YOUR ASSIGNMENT: Verbatim copy, pictures excluded: every line from the one with "Bolsa Feminina H&J Preta - Foto 2" through the final line of the data below, and no other line.

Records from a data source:
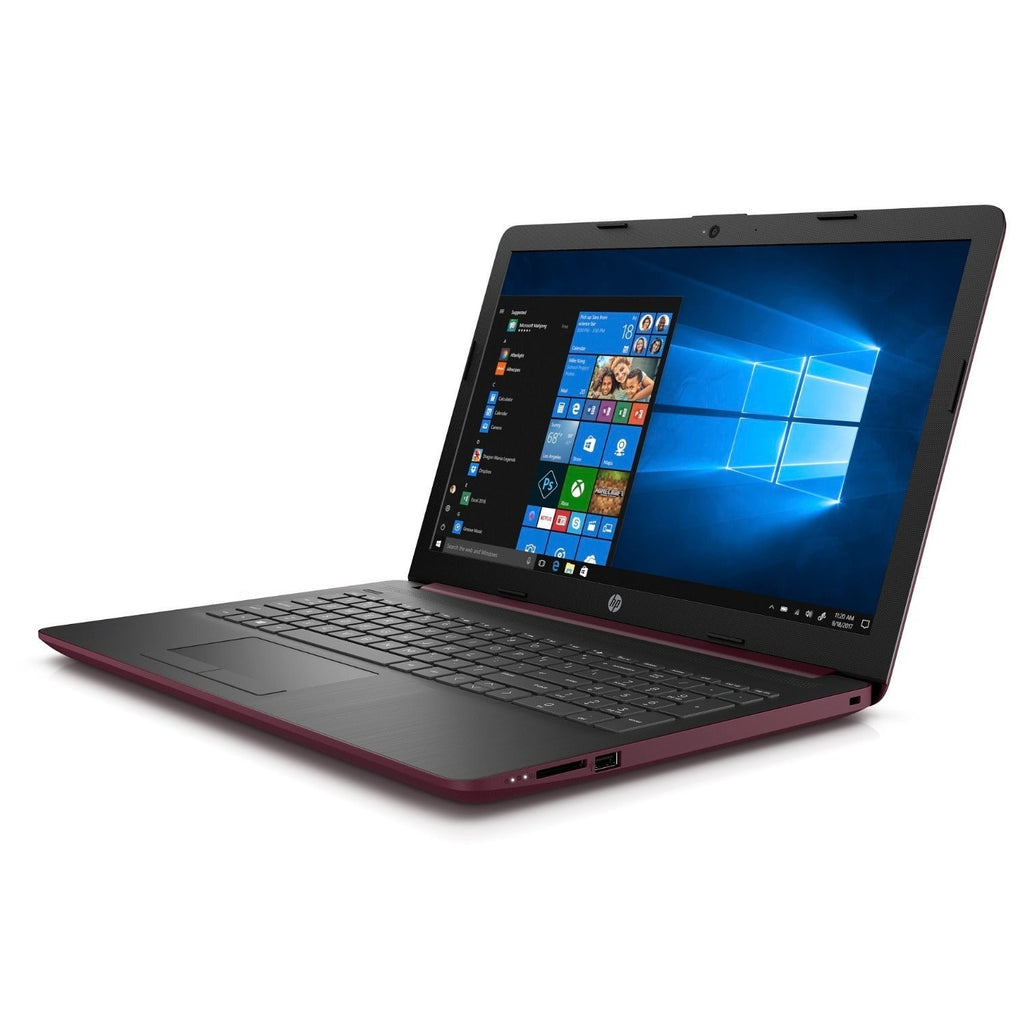 HP 15-da81 Laptop, 15.6" HD, Intel Core i5-8250U, 8GB RAM + 16GB Optane, 1TB HDD (Certified Refurbished)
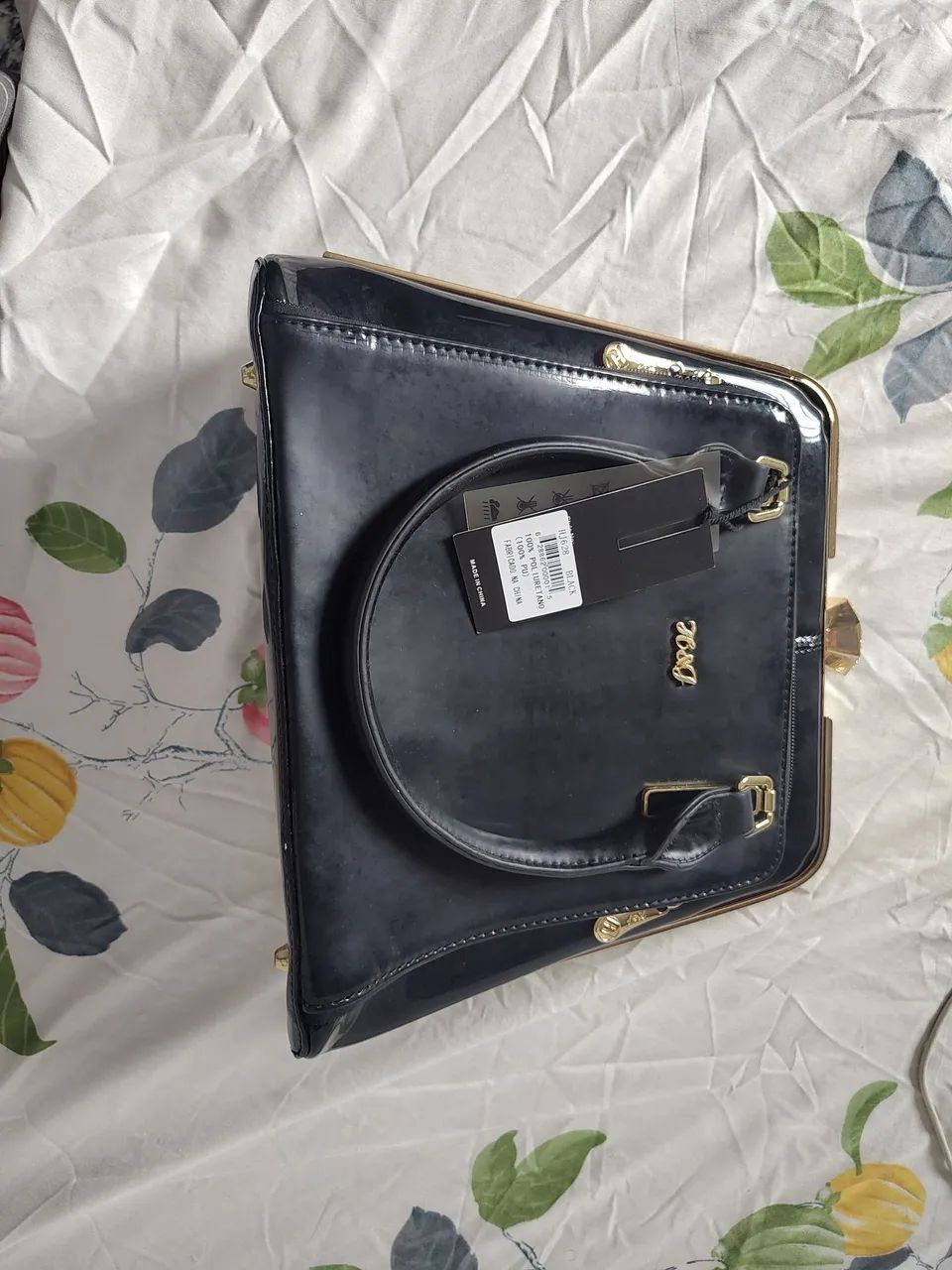 Bolsa Feminina H&J Preta - Foto 2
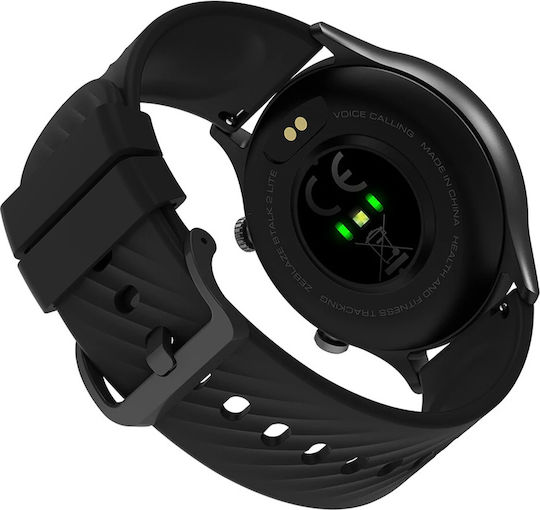 Zeblaze Btalk 2 Lite 45mm Smartwatch με Παλμογράφο (Μαύρο)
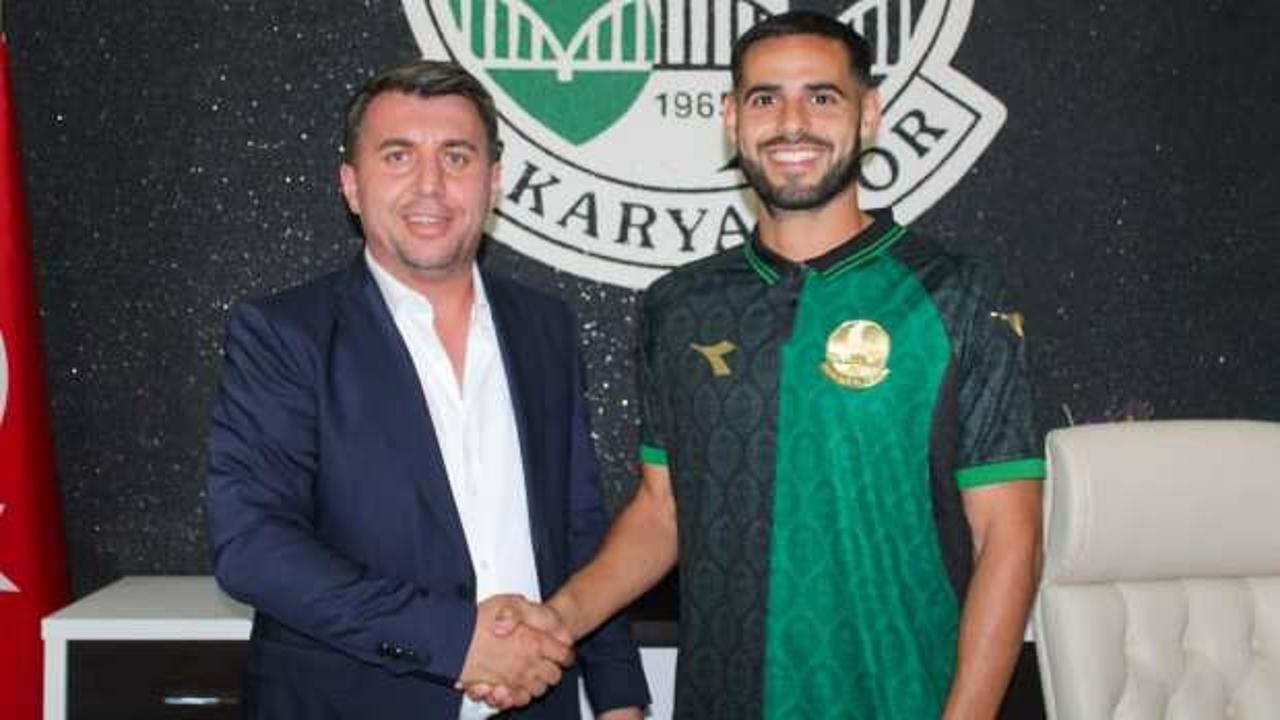 Sakaryaspor, Rayane Aabid'i kadrosuna kattı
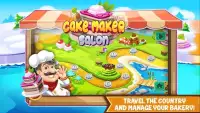 Cake Maker Salon: Bakery Story Screen Shot 3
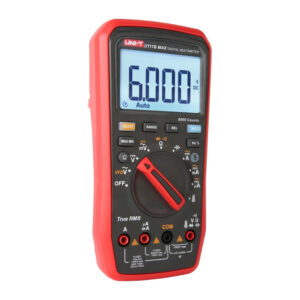 Uni-T True RMS UT17B MAX Digital Multimeter - Image 3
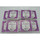 Docsmagic.de The 7th Continent Card Sleeves Bundle - 1000 x Medium Square (80 x 80) - 10 Packs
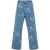 CARHARTT WIP Carhartt Wip Stamp Pant Clothing 2LN.35 BLUE BLEACHED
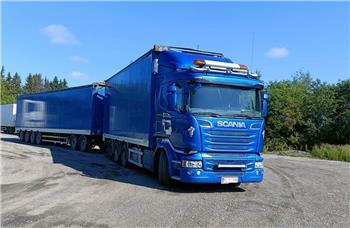 Scania R580 8x4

ANSWER TO THE EXERCISE:
 Bolsa Feminina H&J Preta - Foto 2
 Zeblaze Btalk 2 Lite 45mm Smartwatch με Παλμογράφο (Μαύρο)
 Sakaryaspor, Rayane Aabid'i kadrosuna kattı
 Cake Maker Salon: Bakery Story Screen Shot 3
 Uni-T True RMS UT17B MAX Digital Multimeter - Image 3
 Docsmagic.de The 7th Continent Card Sleeves Bundle - 1000 x Medium Square (80 x 80) - 10 Packs
 CARHARTT WIP Carhartt Wip Stamp Pant Clothing 2LN.35 BLUE BLEACHED
 Scania R580 8x4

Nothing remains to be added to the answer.